Both inside and outside of the journalistic world, this excessive promotion and inappropriate exaggerations of the importance or potential value of a particular study, treatment, drug or area of science has a specific name: ‘hype.’
It is a phenomenon characterized by an abuse of the hyperbolic discourse -with expressions such as “miracle,” “cure,” “breakthrough,” “game changing,” “paradigm shift,” “wonder drug” – and the abundance of promises of a “revolution around the corner.”
A refuge of optimism in times of uncertainty
Hype, for example, has been a constant in the coverage of the Human Genome Project since the early 1990s and persists today with the CRISPR technique of gene editing that has awakened old and new dreams.
However, as in so many other areas, few of the great transformations promised have been delivered. And the hype continues, amplified by clickbait, the need to attract the attention of readers and politicians and in a new media ecosystem characterized by a 24-hour news cycle.
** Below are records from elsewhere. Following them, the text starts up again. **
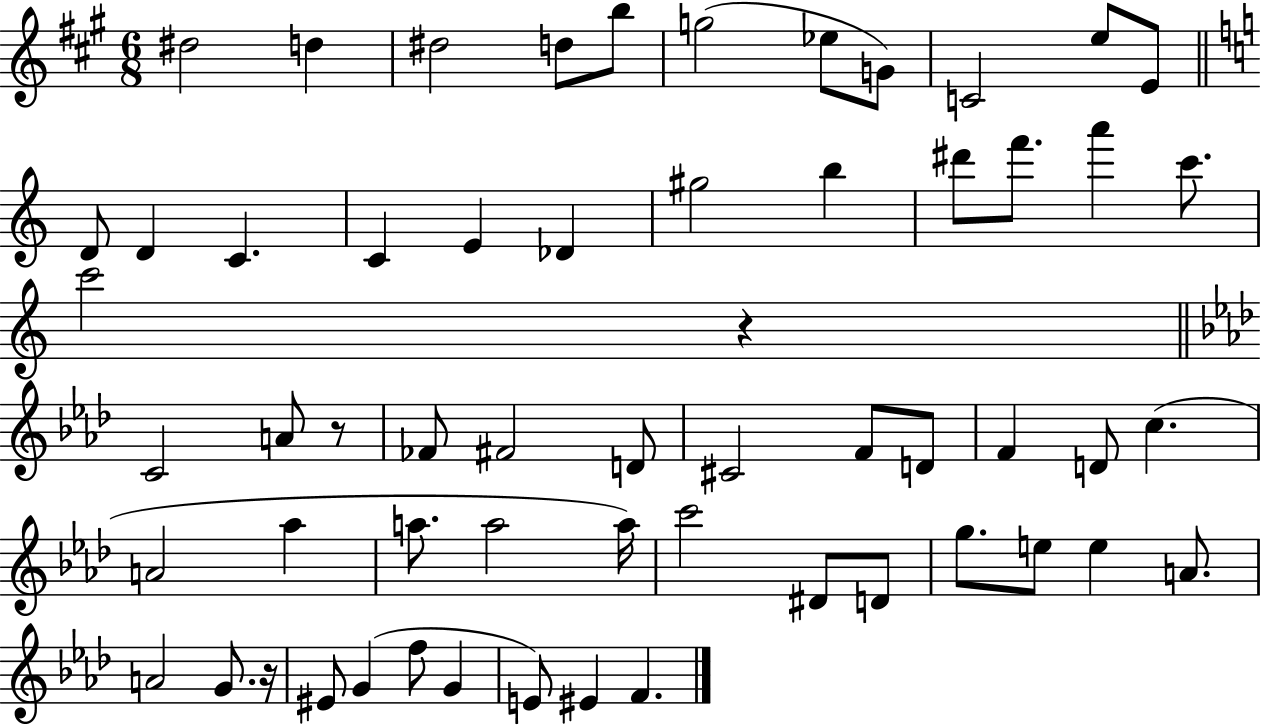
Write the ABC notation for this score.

X:1
T:Untitled
M:6/8
L:1/4
K:A
^d2 d ^d2 d/2 b/2 g2 _e/2 G/2 C2 e/2 E/2 D/2 D C C E _D ^g2 b ^d'/2 f'/2 a' c'/2 c'2 z C2 A/2 z/2 _F/2 ^F2 D/2 ^C2 F/2 D/2 F D/2 c A2 _a a/2 a2 a/4 c'2 ^D/2 D/2 g/2 e/2 e A/2 A2 G/2 z/4 ^E/2 G f/2 G E/2 ^E F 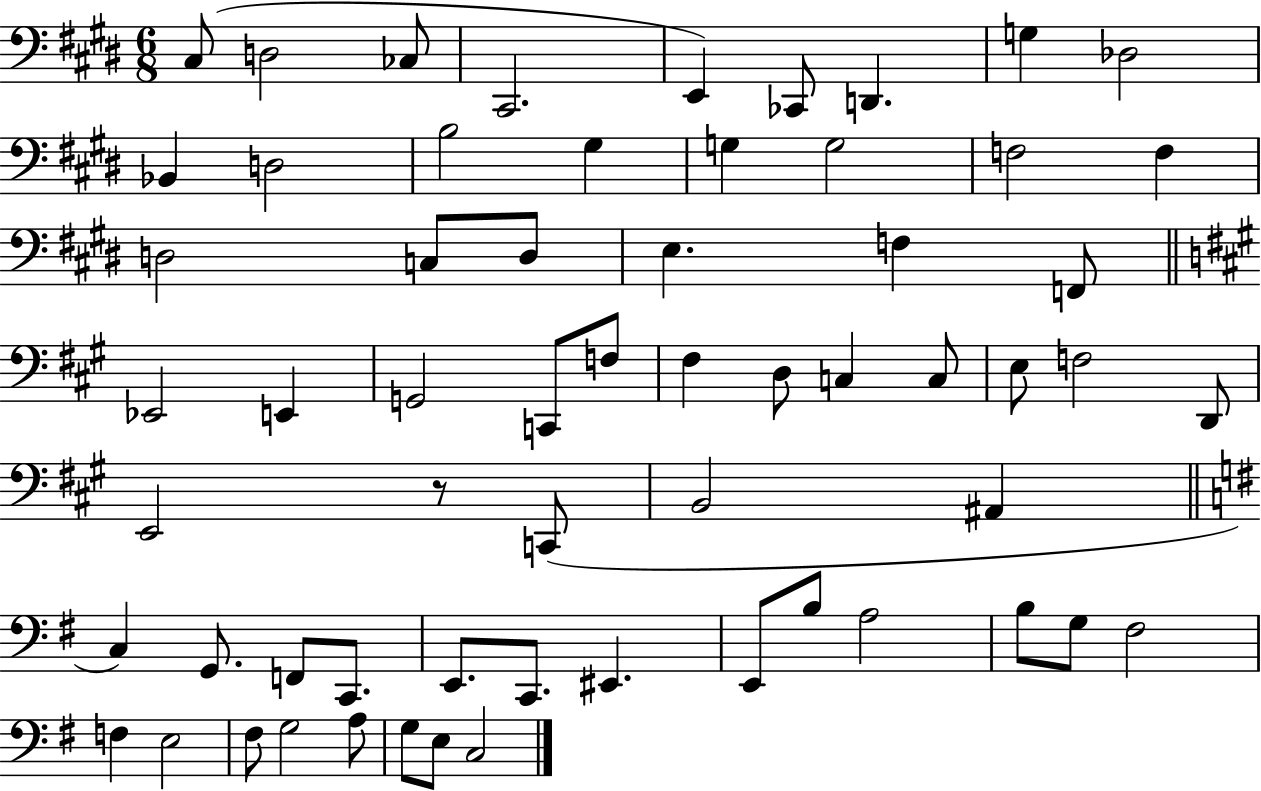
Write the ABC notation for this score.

X:1
T:Untitled
M:6/8
L:1/4
K:E
^C,/2 D,2 _C,/2 ^C,,2 E,, _C,,/2 D,, G, _D,2 _B,, D,2 B,2 ^G, G, G,2 F,2 F, D,2 C,/2 D,/2 E, F, F,,/2 _E,,2 E,, G,,2 C,,/2 F,/2 ^F, D,/2 C, C,/2 E,/2 F,2 D,,/2 E,,2 z/2 C,,/2 B,,2 ^A,, C, G,,/2 F,,/2 C,,/2 E,,/2 C,,/2 ^E,, E,,/2 B,/2 A,2 B,/2 G,/2 ^F,2 F, E,2 ^F,/2 G,2 A,/2 G,/2 E,/2 C,2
There is practically no scientific area that escapes these exaggerations and abuse of superlatives. They are found in media coverage and in research in artificial intelligence (AI), neuroscience, nanotechnology, quantum computing, cancer research, personalized medicine, stem cell therapies or space exploration, among many others.
Exaggerations aren’t just common in newspaper articles. Rather, they are present throughout the scientific production chain: in research grants, in peer-reviewed publications, in institutional press releases, in politicians’ speeches, and in the associated marketing of a new product (for example, a new drug).
Francis Collins, who was the director of the Human Genome Project, called the initiative “the most important organized scientific effort that humankind has ever attempted. It dwarfs going to the moon.”
As Canadian researcher Timothy Caulfield points out, the scientific hype is a complex phenomenon that involves many actors and has numerous sources: “It is, at least to some extent, the result of systemic pressures embedded in current incentives associated with biomedical research,” explains this specialist in legal, political and science ethics from the University of Alberta. “In a way, it can be argued that it is a natural part of the research process. Enthusiasm and optimistic predictions of applications in the near future are required to mobilize the scientific community and potential funders, both public and private. And, of course, the popular press is, at its core, an entertainment industry with the goal of making health and research stories engaging and readable.”
The hype, in fact, is not new. There is evidence that the phenomenon has been intensifying and that it is having a more damaging impact than in the past. Recent studies show a rebound in the use of hyperbolic speech in recent decades. A 2015 paper found that many researchers are promoting their work more aggressively as funding dwindles and competition for grants and fame increases. Dutch psychiatrists Christiaan Vinkers, Joeri Tijdink and Willem Otte discovered that words such as “novel,” “innovative,” “amazing,” “unique” and “unprecedented” have become more frequent in the abstracts of biomedical articles published in the last 40 years. “Scientists assume that the results and their implications have to be exaggerated to be published,” the authors note.
The COVID-19 pandemic fueled these exaggerations in Latin America.
“At a time of so much uncertainty and sadness over the thousands of deaths in the region, people want to find a refuge of optimism in certain announcements about possible cures and medical findings,” says investigative journalist Nelly Luna Amancio from Peru. “But journalism, precisely, has a difficult but necessary job to do: put cold cloths on that enthusiasm. Good journalism must investigate what is behind and bring to reality the real impact of these alleged findings, often driven by interested parties, a pharmaceutical company, a research center, or even a government.”
This is precisely what the American science journalist Brooke Borel remarked in an article published in The Guardian in 2015: “Science journalists may write about science, but it’s also our job to look beyond wonders, hypotheses and data. It is to look at the people doing the science and whether they have conflicts of interest, or trace where their money is coming from. It is to look at power structures, to see who is included in the work and who is excluded or marginalized.”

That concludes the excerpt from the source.